Meyer Jaimie P, Moghimi Yavar, Marcus Ruthanne, Lim Joseph K, Litwin Alain H, Altice Frederick L
Section of Infectious Diseases, AIDS Program, Yale School of Medicine, New Haven, CT, United States.
Department of Behavioral Health, Whitman-Walker Health, Washington, DC, United States.
Int J Drug Policy. 2015 Oct;26(10):922-35. doi: 10.1016/j.drugpo.2015.05.002. Epub 2015 May 17.

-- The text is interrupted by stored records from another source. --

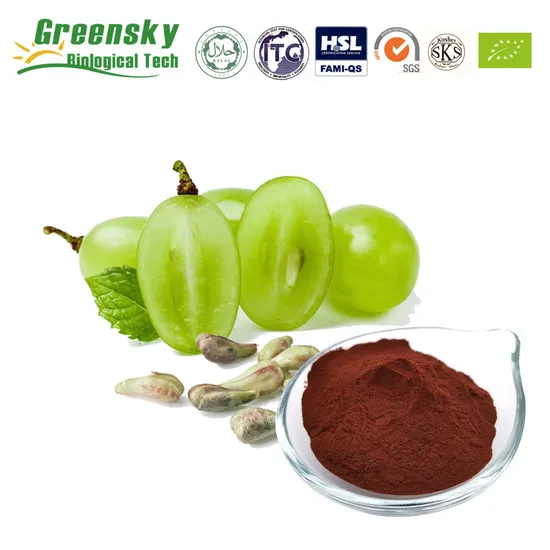 Grape Seed Extract 95% OPC (100% Natural) Plant Herbal Extract Powder Vitis Vinifera Food Additive Antioxidant Proanthocyanidins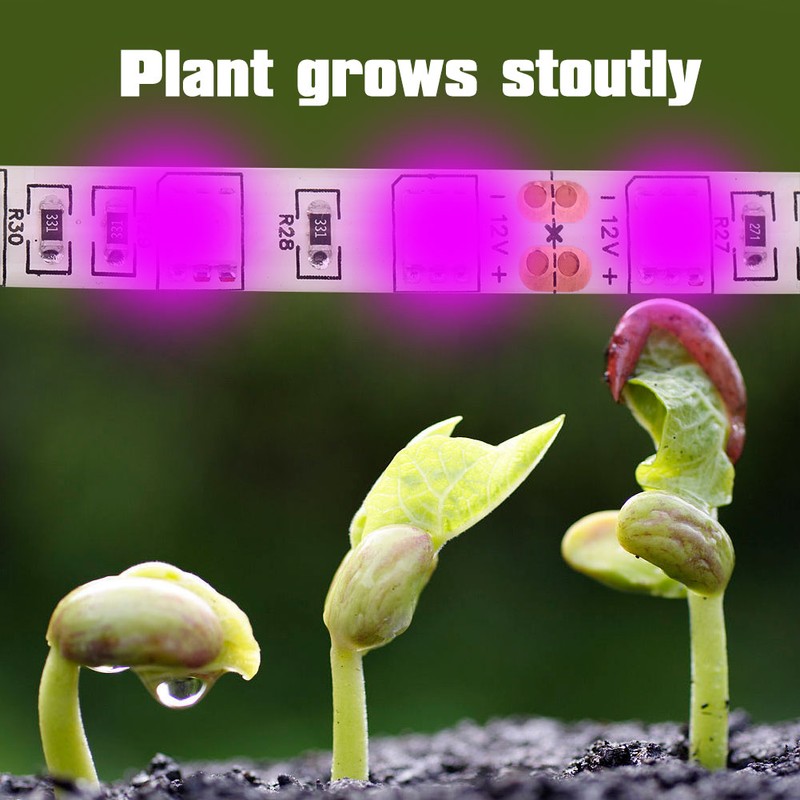 5:1 Plant Growth LED Strip Lights High Luminous Efficiency Flower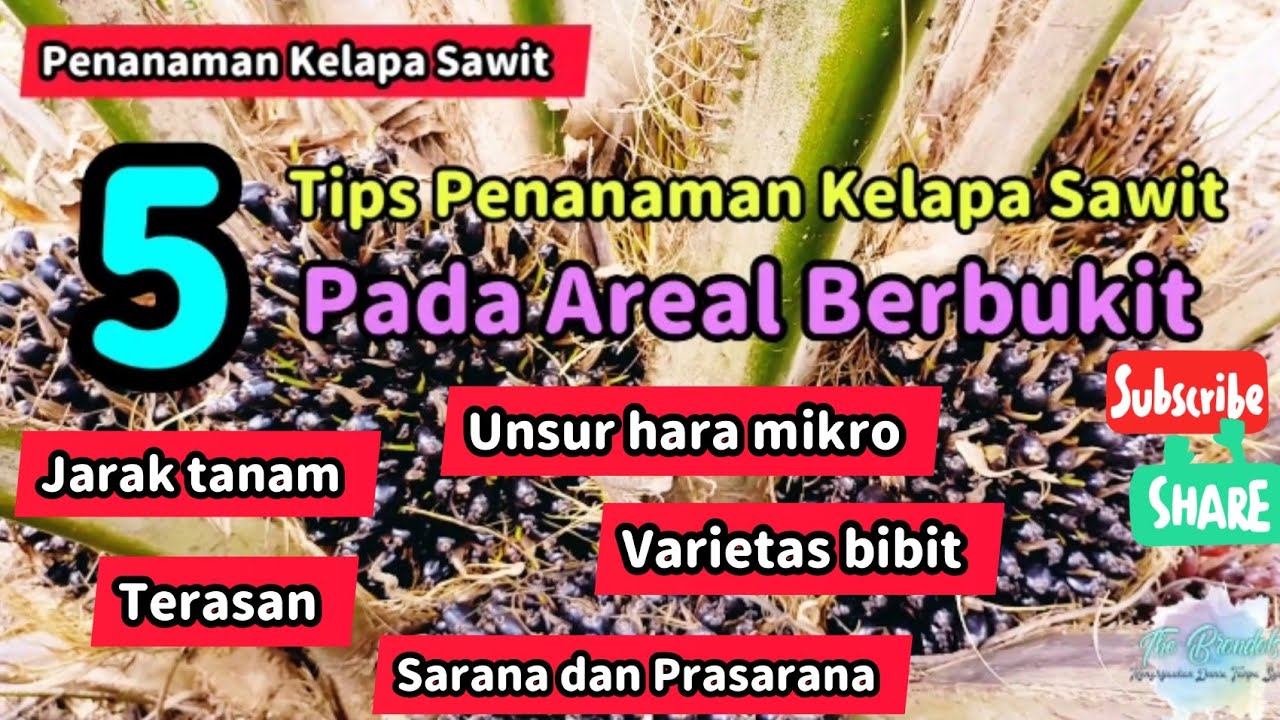 5 Tips Penanaman Kelapa Sawit Pada Lahan Berbukit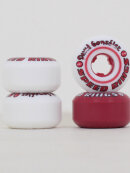 Ricta - David Gonzalez Speedrings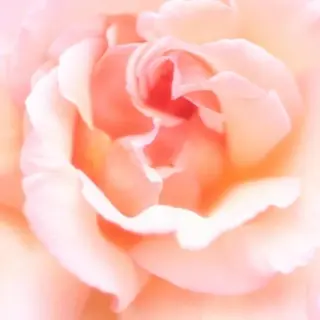 ピ・ブラン REIのエステ・リラクイメージ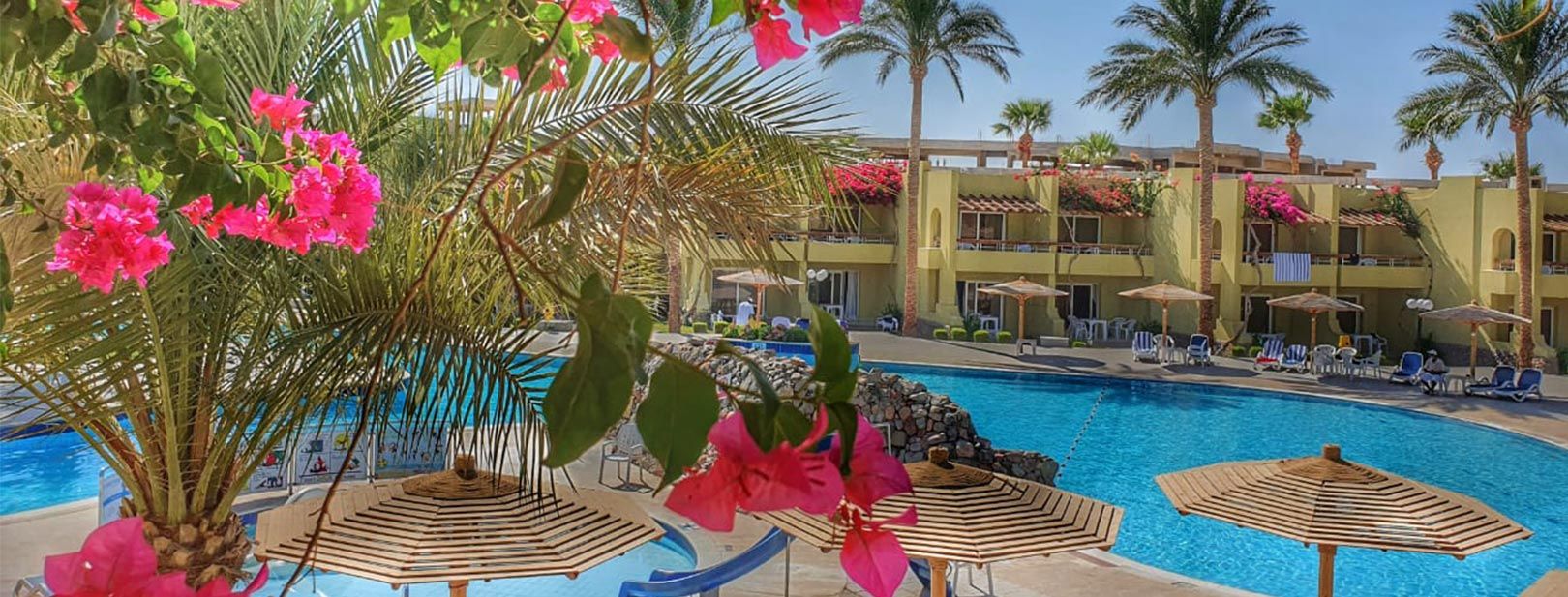 Hôtel Palm Beach Resort 4* pas cher photo 3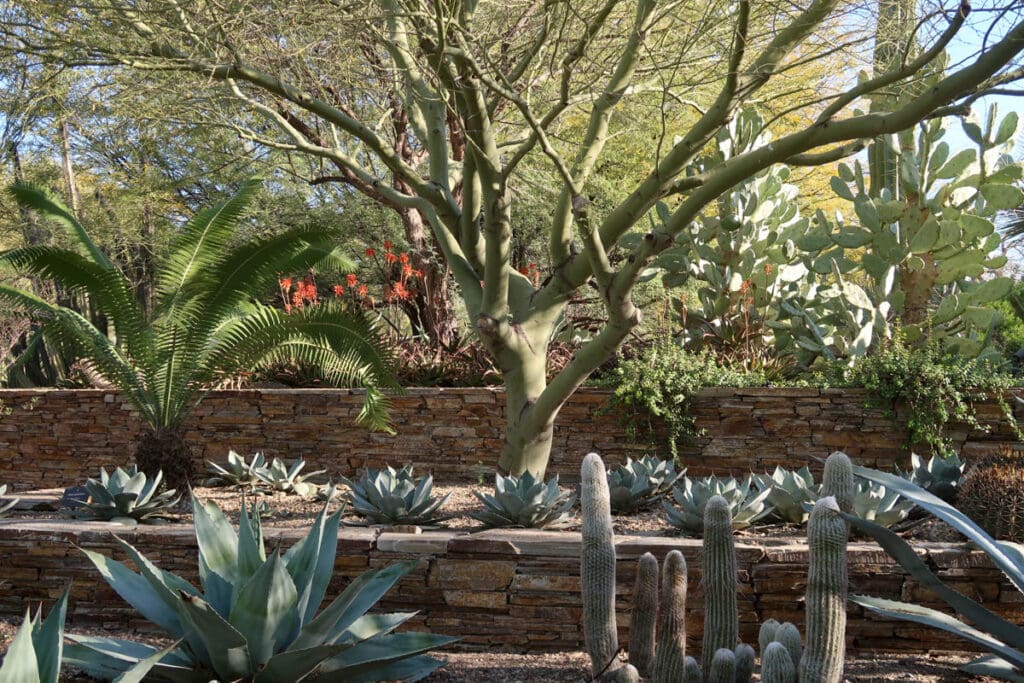 The Desert Botanical Garden in Phoenix, Arizona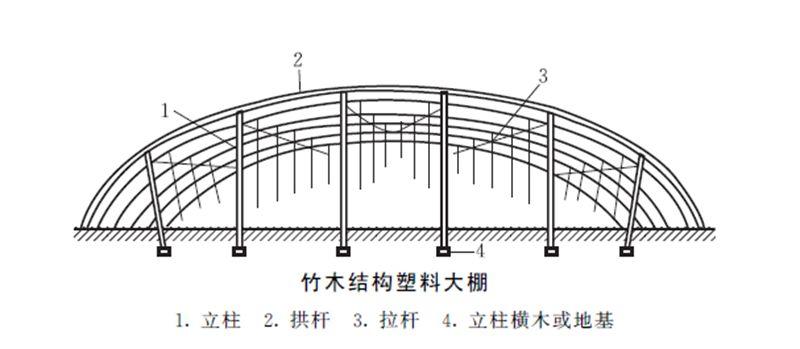 空心菜大棚种植技术_黄瓜大棚种植技术_大棚 种植技术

With the explosion of newly available direct acting antiviral (DAA) Hepatitis C virus (HCV) treatments that demonstrate 95% sustained virologic response (SVR) rates, evidence-based strategies are urgently needed to achieve real-world effectiveness in challenging patient populations. While HIV is incurable, lessons from over 30 years of experience overcoming obstacles to the HIV treatment cascade could be applied to the HCV context.
Using Institute of Medicine guidelines, we conducted a systematic review of published interventions from PubMed, Medline, GoogleScholar, EmBASE, and PsychInfo bibliographic databases and citation indices. Abstracts were first screened by three independent reviewers and studies were included if they involved original research, described a specific intervention, were published in English in a peer-reviewed journal between 2001 and 2014, and had full text available.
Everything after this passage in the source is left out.